▶ [WHAT YOU WILL DO]
Taking only the lines of the data below from the line with "Staff from the" to the line with "602 Sereno View", ends included, write them out exactly and without pictures.

▶ [ENTRIES PROVIDED]
- Opening Delimiter -
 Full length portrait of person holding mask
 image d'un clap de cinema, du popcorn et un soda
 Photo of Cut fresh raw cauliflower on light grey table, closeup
- Closing Delimiter -
- Opening Delimiter -
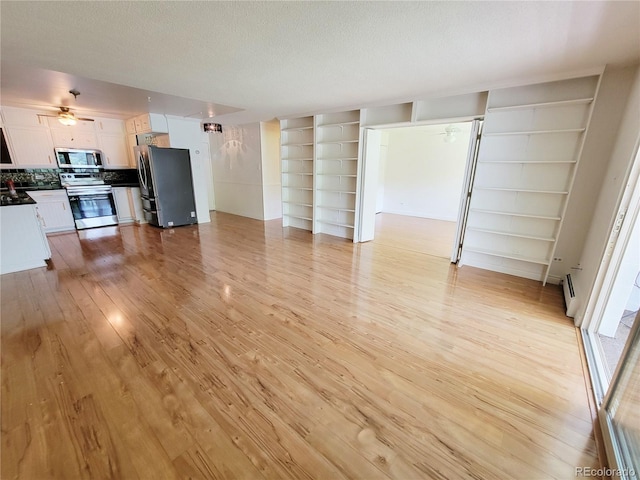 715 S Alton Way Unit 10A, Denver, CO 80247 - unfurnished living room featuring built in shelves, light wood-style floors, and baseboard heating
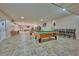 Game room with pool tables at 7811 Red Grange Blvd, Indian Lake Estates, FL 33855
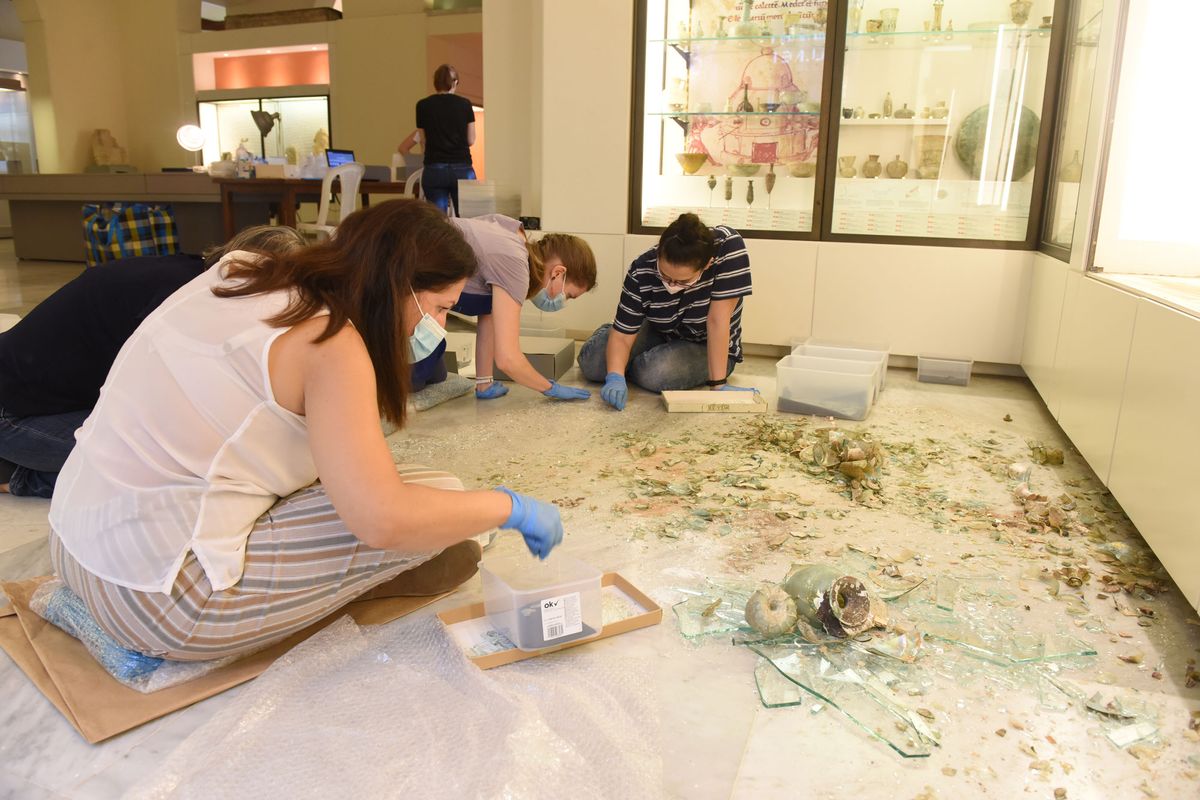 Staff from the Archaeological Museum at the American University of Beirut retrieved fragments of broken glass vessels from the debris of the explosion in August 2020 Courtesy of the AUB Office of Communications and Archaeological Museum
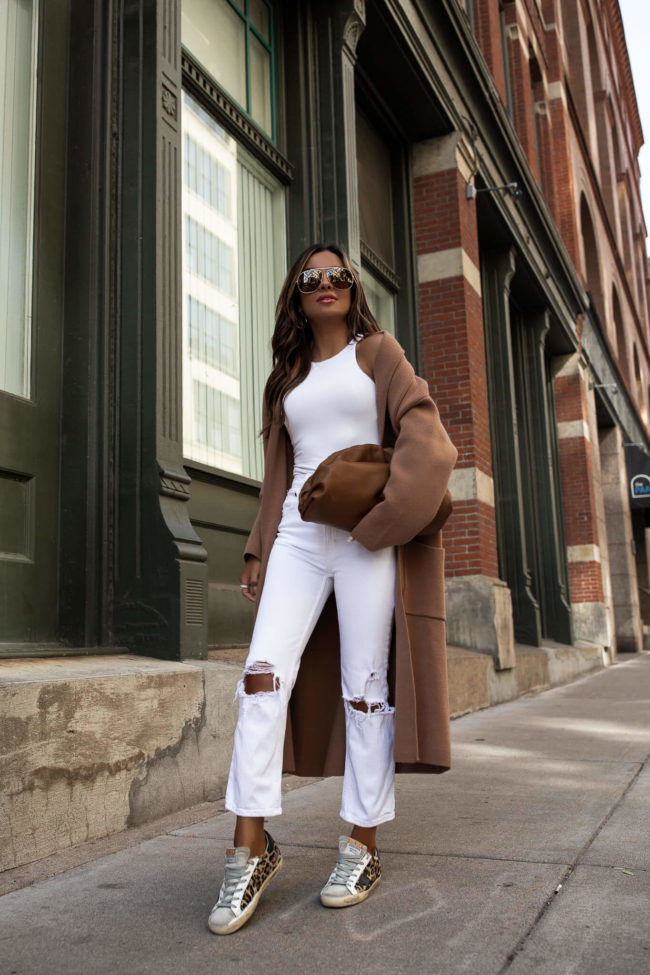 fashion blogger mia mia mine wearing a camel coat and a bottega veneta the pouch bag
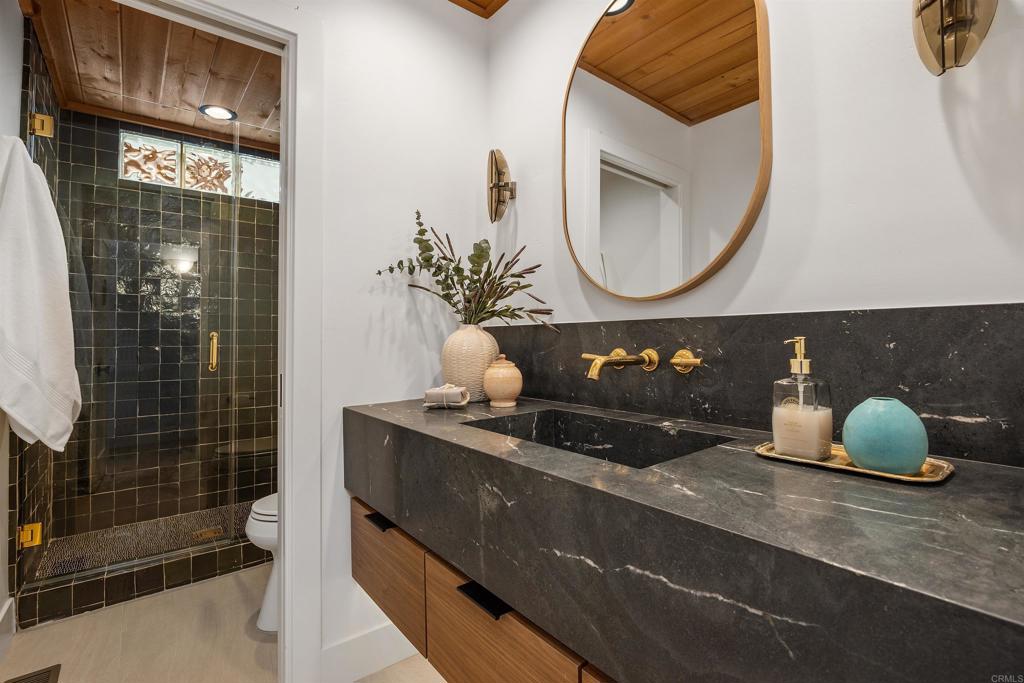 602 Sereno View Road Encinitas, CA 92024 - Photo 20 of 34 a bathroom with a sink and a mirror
- Closing Delimiter -
- Opening Delimiter -
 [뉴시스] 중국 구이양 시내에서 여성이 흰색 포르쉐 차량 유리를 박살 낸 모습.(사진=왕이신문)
- Closing Delimiter -
▶ [EXERCISE ANSWER]
 Staff from the Archaeological Museum at the American University of Beirut retrieved fragments of broken glass vessels from the debris of the explosion in August 2020 Courtesy of the AUB Office of Communications and Archaeological Museum
 fashion blogger mia mia mine wearing a camel coat and a bottega veneta the pouch bag
 602 Sereno View Road Encinitas, CA 92024 - Photo 20 of 34 a bathroom with a sink and a mirror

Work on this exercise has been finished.